Exercise brief:
Give a verbatim copy of the lines below, minus the pictures.

Dataset extract:
--
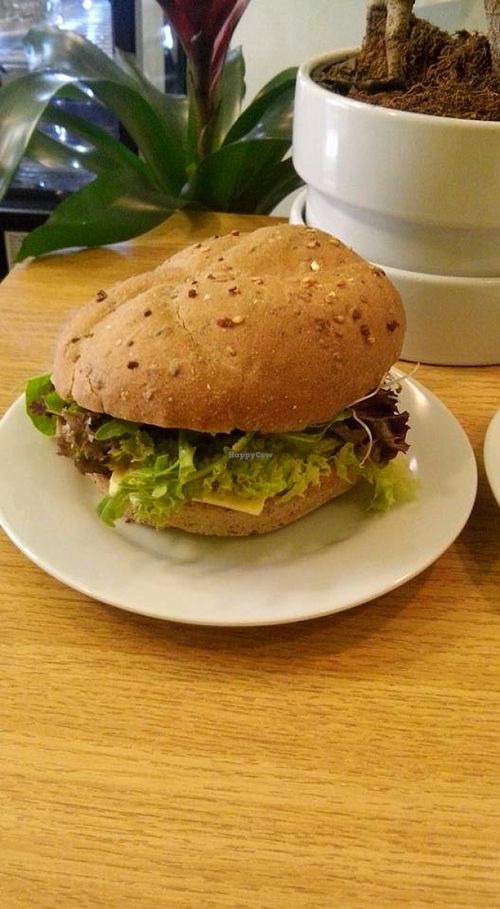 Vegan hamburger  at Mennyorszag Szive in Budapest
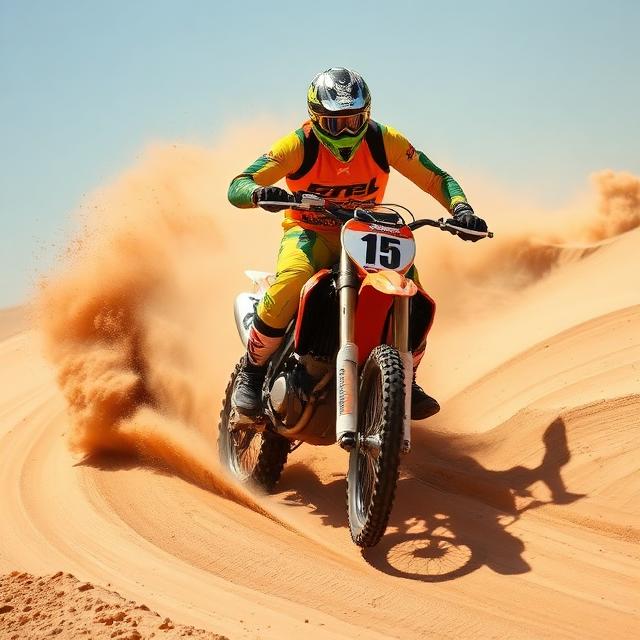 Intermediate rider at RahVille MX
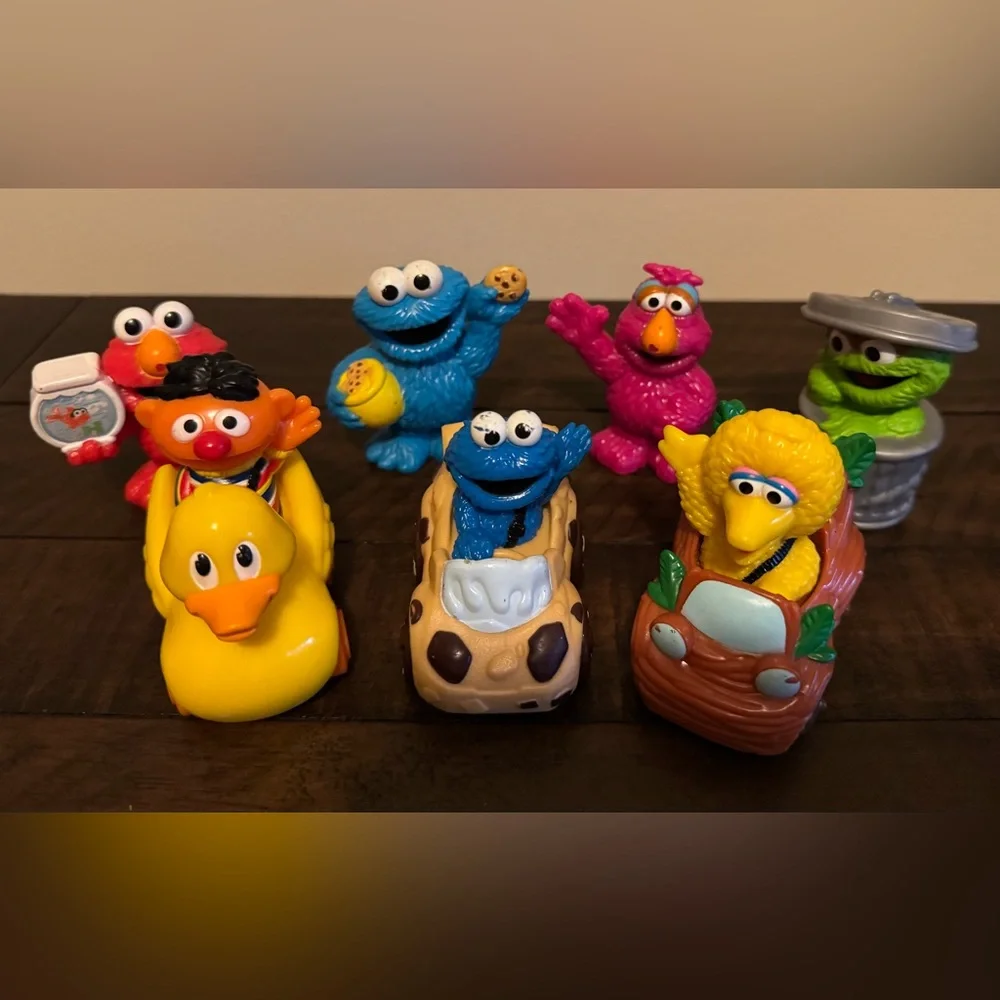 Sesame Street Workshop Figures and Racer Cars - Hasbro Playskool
--
Answer to the exercise:
 Vegan hamburger  at Mennyorszag Szive in Budapest
 Intermediate rider at RahVille MX
 Sesame Street Workshop Figures and Racer Cars - Hasbro Playskool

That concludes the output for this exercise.